* _Activity_
Below are the records. Retype, exactly, the lines from the first through the line with "If frequency with", and leave out the pictures.

* _Given records_
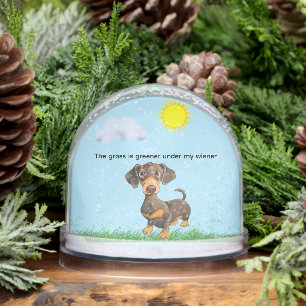 THE GRASS IS GREENER UNDER MY WIENER SNOWGLOBE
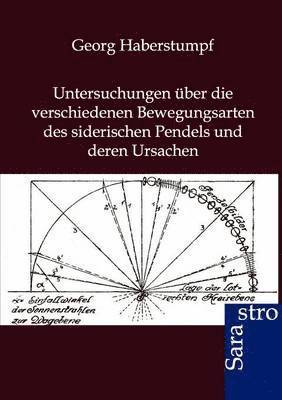 bokomslag Untersuchungen über die verschiedenen Bewegungsarten des siderischen Pendels und deren Ursachen
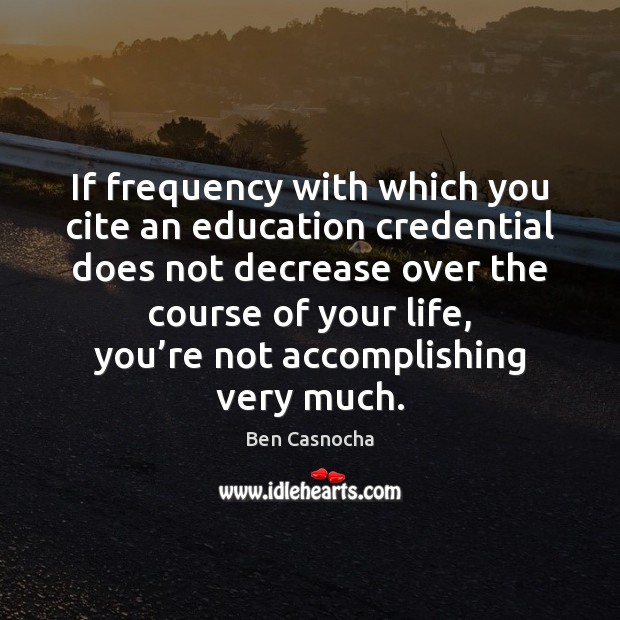If frequency with which you cite an education credential does not decrease Ben Casnocha Picture Quote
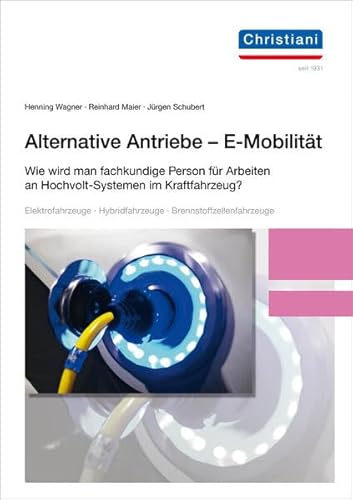 Alternative Antriebe - E-Mobilität: Wie wird man Fachkundiger für Arbeiten an Hochvolt-Systemen im Kraftfahrzeug?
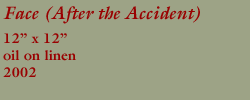 Face (After the Accident)
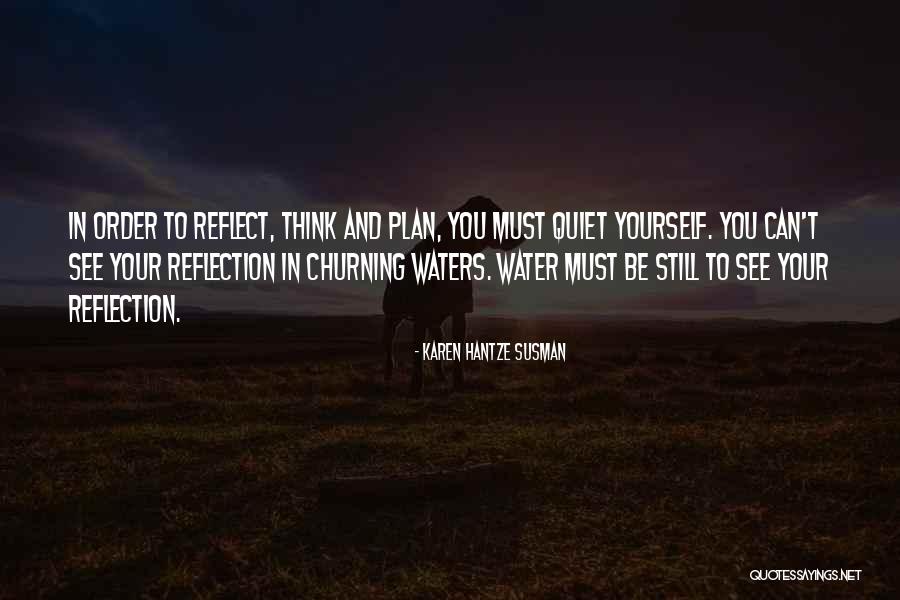 Water Reflection Quotes By Karen Hantze Susman Water Reflection Quotes By Karen Hantze Susman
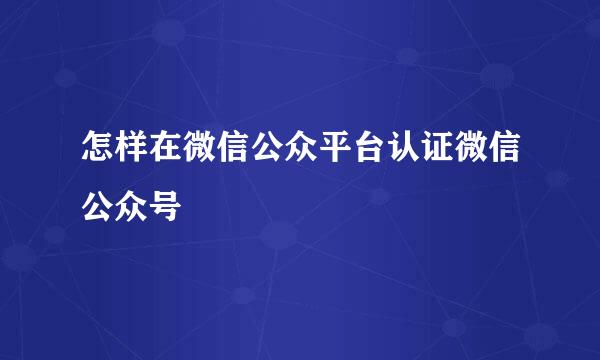 怎样在微信公众平台认证微信公众号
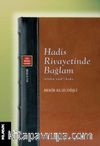 Hadis Rivayetinde Bağlam  Sebebü îradi’l-hadîs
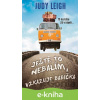 E-kniha Ještě to nebalím, vzkazuje babička - Judy Leigh E-kniha Ještě to nebalím, vzkazuje babička - Judy Leigh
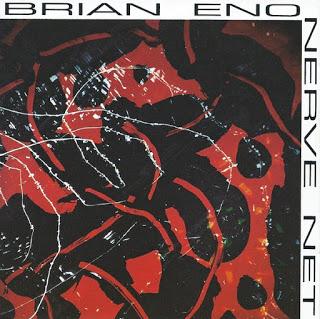 Brian Eno - Nerve Net (1992)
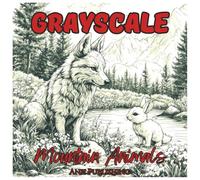 Grayscale Mountain Animals: Fun Outdoor Creatures Coloring Book For Adults.: Relaxing Grayscale Wildlife Coloring Pages of Mountain Goats, Bears, ... and More (Grayscale Animal Coloring Series)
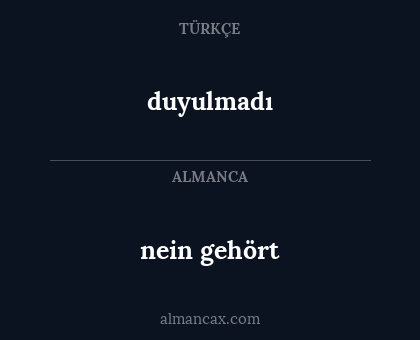duyulmadı - nein gehört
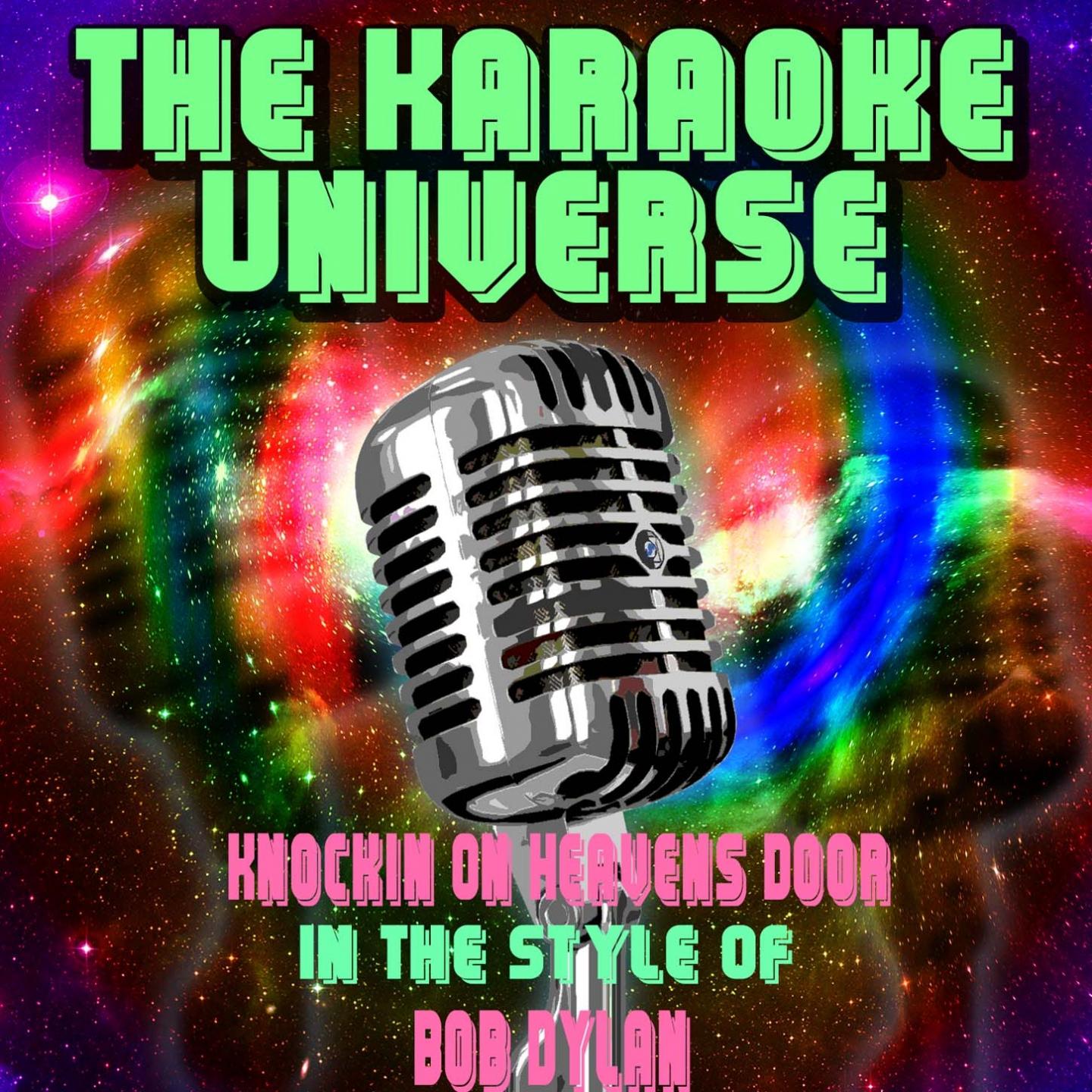 Knockin On Heavens Door (Karaoke Version) [In the Style of Bob Dylan]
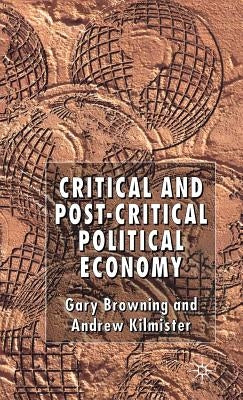 Critical and Post-Critical Political Economy by Browning, G.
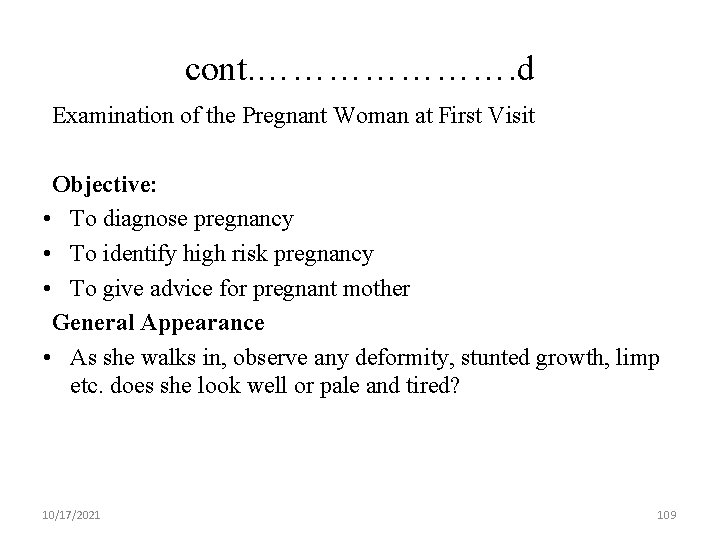 cont. …………………. d Examination of the Pregnant Woman at First Visit Objective: • To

* _Answer section_
 THE GRASS IS GREENER UNDER MY WIENER SNOWGLOBE
 bokomslag Untersuchungen über die verschiedenen Bewegungsarten des siderischen Pendels und deren Ursachen
If frequency with which you cite an education credential does not decrease Ben Casnocha Picture Quote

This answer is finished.